Germany's population is smaller than people expected. Fewer foreigners live in Germany than many thought, which has implications for pensions and the labor market.

The stereotype goes that Germans have to measure and record everything with perfect exactitude. So it comes as a bit of a shock to some that a number as essential as the country's population turned out to be much lower than previously assumed.

With 80.2 million people, Germany remains the largest EU country by a significant margin. However, compared with previously held estimates, that number represents a sudden drop of 1.5 million residents. In a sense, a metropolis the size of Munich now vanished overnight.

The new information comes by way of the 2011 census, for which one third of the total population was polled personally or in writing. The comprehensive survey cost over 700 million euros ($908.6 million). Data collected included marital status, educational attainment, occupation and immigration status. Analyzing the responses took two years, so the recently published results are no longer entirely up to date. Experts believe, however, that the data represent an accurate snapshot of social trends in Germany for the time period in which it was collected.

A hand is seen above a detailed questionaire used in the German census (c) Kathrin Erdmann

Detailed questionaires for a key census

First census since reunification

There had not been such a thorough collection of census data since East and West Germany were reunited in 1990. Previous estimates were based on a census conducted in West Germany in 1987 as well as another carried out in 1981 in East Germany. Since then, the number of residents was simply adjusted and updated with the help of data on births, deaths and changes of residence.

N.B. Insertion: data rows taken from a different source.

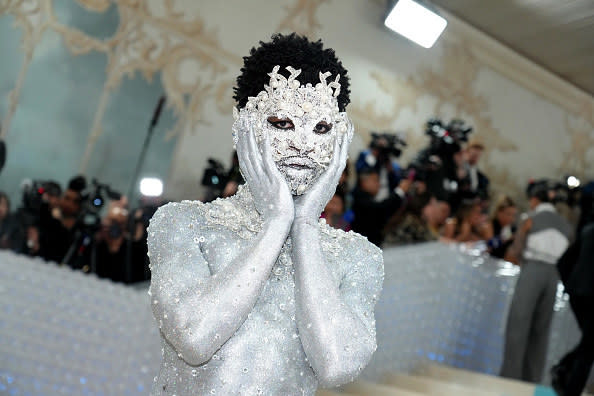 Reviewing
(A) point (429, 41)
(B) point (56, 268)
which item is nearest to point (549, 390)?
(A) point (429, 41)

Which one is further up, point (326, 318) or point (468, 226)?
point (468, 226)

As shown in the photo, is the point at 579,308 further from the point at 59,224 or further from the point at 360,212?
the point at 59,224

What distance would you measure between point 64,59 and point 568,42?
16.9 ft

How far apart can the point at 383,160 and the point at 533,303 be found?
192 cm

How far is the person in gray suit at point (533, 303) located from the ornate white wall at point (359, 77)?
8.58 ft

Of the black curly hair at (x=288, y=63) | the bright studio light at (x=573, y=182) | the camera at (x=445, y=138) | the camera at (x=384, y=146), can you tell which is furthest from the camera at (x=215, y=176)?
the bright studio light at (x=573, y=182)

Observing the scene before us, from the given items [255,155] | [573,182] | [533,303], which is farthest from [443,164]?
[255,155]

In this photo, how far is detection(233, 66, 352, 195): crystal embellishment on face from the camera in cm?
197

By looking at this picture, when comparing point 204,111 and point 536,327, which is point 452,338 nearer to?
point 536,327

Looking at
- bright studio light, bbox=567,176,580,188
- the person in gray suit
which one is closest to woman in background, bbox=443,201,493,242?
the person in gray suit

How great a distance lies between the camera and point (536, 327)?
20.8 ft

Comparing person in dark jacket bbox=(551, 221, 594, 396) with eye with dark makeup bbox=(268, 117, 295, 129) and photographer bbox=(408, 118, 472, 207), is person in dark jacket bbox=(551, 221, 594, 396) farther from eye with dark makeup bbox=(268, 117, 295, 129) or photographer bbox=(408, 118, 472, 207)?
eye with dark makeup bbox=(268, 117, 295, 129)

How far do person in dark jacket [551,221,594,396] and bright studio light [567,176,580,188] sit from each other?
5.72 meters

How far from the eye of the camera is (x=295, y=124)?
1.98 meters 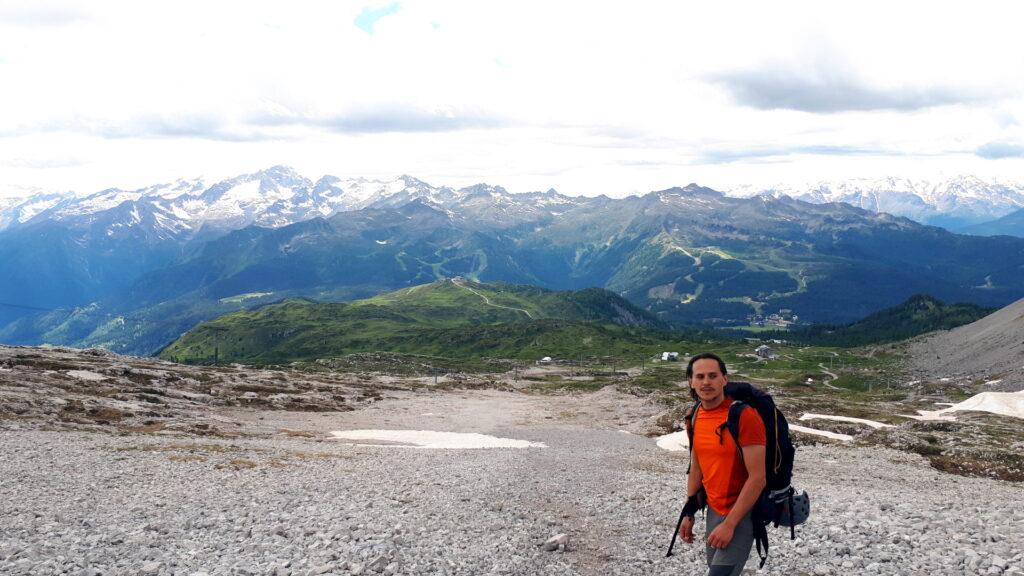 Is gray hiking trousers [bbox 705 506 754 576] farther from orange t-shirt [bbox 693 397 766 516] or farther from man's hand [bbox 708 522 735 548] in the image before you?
orange t-shirt [bbox 693 397 766 516]

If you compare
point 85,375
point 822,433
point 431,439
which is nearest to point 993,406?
point 822,433

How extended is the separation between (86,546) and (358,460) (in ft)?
79.8

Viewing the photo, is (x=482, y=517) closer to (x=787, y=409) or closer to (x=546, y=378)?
(x=787, y=409)

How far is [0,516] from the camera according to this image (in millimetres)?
23359

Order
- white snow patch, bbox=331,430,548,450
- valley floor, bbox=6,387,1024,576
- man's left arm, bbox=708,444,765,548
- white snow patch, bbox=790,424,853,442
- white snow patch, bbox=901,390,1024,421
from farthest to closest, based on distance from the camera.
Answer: white snow patch, bbox=901,390,1024,421
white snow patch, bbox=790,424,853,442
white snow patch, bbox=331,430,548,450
valley floor, bbox=6,387,1024,576
man's left arm, bbox=708,444,765,548

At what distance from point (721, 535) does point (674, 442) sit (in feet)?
173

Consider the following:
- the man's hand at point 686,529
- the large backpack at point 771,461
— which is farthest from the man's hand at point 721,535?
the man's hand at point 686,529

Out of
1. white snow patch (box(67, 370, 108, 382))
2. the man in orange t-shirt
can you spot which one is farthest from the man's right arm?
white snow patch (box(67, 370, 108, 382))

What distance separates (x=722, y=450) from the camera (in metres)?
13.7

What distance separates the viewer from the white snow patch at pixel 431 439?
2477 inches

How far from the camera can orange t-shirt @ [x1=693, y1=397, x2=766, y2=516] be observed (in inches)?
520

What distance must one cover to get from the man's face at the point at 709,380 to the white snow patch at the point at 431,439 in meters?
49.1

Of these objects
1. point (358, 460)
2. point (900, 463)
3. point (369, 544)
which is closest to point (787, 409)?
point (900, 463)

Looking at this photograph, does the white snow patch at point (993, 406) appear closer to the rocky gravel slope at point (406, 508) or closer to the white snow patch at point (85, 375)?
the rocky gravel slope at point (406, 508) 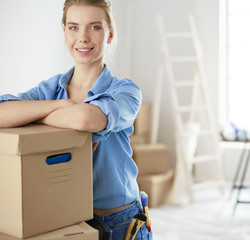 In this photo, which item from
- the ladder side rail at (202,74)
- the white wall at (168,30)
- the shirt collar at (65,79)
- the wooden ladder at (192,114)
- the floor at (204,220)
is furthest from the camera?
the white wall at (168,30)

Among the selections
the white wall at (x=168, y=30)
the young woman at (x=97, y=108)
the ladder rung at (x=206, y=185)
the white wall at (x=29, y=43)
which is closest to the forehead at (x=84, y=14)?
the young woman at (x=97, y=108)

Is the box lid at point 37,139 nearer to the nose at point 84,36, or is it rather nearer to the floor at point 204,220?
the nose at point 84,36

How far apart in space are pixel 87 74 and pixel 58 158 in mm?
384

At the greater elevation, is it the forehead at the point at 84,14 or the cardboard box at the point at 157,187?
the forehead at the point at 84,14

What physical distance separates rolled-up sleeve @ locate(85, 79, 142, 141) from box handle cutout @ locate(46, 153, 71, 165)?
0.33 ft

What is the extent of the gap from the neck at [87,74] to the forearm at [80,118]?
27 centimetres

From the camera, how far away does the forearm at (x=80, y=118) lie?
3.51ft

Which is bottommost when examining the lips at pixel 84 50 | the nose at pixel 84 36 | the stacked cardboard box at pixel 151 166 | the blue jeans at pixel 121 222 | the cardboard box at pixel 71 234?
the stacked cardboard box at pixel 151 166

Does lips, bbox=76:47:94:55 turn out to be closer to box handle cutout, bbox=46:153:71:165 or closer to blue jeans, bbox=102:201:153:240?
box handle cutout, bbox=46:153:71:165

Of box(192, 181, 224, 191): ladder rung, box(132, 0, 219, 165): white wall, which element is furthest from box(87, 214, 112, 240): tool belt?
box(132, 0, 219, 165): white wall

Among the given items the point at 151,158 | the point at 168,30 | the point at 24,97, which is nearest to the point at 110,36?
the point at 24,97

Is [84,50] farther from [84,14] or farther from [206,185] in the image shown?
[206,185]

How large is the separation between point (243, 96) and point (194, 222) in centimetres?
178

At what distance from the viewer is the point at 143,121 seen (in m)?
4.08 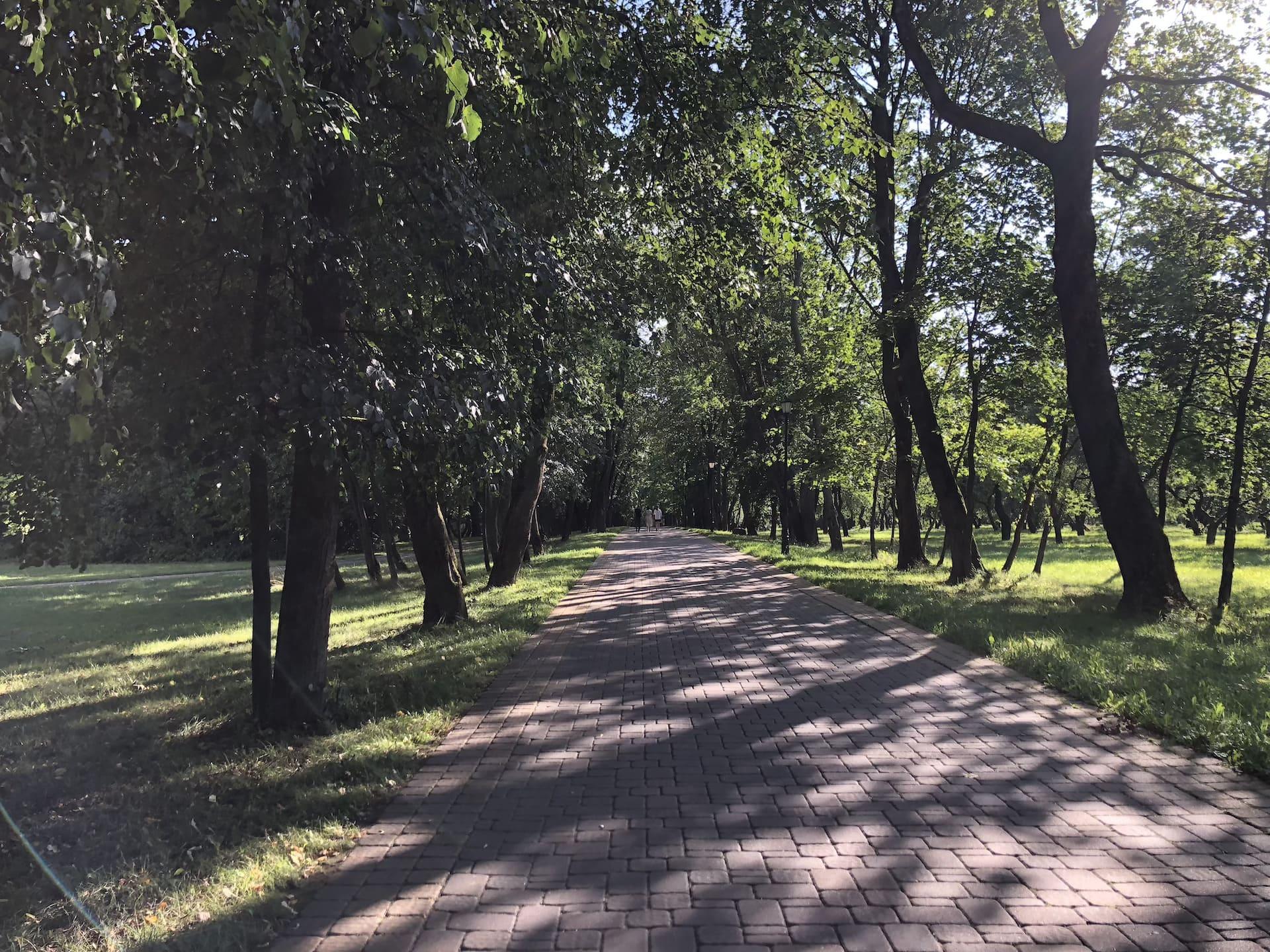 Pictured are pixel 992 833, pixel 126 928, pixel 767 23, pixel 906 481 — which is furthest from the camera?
pixel 906 481

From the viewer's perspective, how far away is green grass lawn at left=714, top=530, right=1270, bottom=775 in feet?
17.8

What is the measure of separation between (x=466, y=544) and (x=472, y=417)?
1681 inches

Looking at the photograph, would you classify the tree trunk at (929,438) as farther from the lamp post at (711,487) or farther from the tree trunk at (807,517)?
the lamp post at (711,487)

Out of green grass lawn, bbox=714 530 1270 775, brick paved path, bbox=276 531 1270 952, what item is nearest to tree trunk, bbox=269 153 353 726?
brick paved path, bbox=276 531 1270 952

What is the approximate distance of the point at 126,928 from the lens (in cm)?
313

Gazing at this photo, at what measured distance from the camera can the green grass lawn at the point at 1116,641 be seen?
5.43 m

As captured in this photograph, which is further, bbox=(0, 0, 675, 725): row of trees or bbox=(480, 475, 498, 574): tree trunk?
bbox=(480, 475, 498, 574): tree trunk

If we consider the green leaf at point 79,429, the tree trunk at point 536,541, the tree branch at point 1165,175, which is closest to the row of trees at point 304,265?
the green leaf at point 79,429

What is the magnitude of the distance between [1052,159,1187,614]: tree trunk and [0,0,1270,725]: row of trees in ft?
0.12

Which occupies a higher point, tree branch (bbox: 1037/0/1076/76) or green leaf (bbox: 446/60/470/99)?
tree branch (bbox: 1037/0/1076/76)

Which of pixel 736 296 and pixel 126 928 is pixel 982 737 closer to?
pixel 126 928

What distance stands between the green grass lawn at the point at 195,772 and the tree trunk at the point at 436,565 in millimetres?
346

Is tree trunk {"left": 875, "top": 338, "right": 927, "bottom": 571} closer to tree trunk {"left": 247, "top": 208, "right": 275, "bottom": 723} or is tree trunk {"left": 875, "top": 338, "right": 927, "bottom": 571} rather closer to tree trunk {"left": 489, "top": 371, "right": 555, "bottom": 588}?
tree trunk {"left": 489, "top": 371, "right": 555, "bottom": 588}

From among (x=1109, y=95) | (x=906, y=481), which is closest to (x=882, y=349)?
(x=906, y=481) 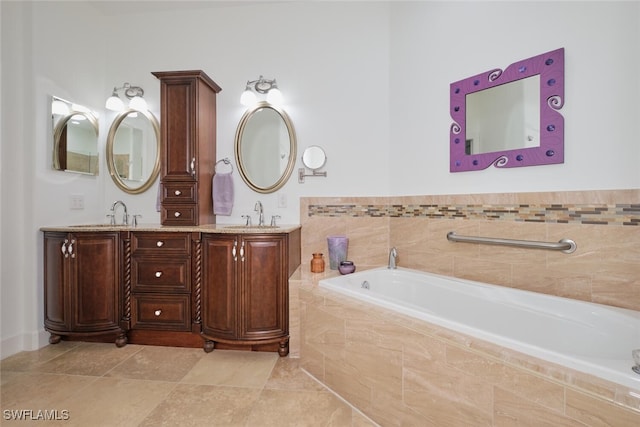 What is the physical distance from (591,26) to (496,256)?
129 cm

"Between two censuses, the municipal registries of residents grow less and less exact, and that almost always leads to an overestimate of the numbers because many people register a new residence but never give notice of departure from their previous one," said statistician Gerd Bosbach at the Koblenz University of Applied Science.

A crowd of people of various ethnicities stands together Photo: Rainer Jensen dpa/lbn

Significantly fewer immigrants live in Germany than expected

Fewer foreigners than expected

One particularly conspicuous finding relates to overestimates regarding the number of foreigners living in Germany. Previous estimates held that there were 7.3 million people in Germany without a German passport, whereas the latest data reveal that it is instead just 6.2 million. Statisticians, again, primarily blame a failure to de-register residences in Germany once people foreigners move back home.

The new census data will carry a variety of consequences. For some German cities and states, a drop in residency numbers can have financial consequences because state subsidies are often distributed on the basis of population. Communities that must now report fewer residents may lose money.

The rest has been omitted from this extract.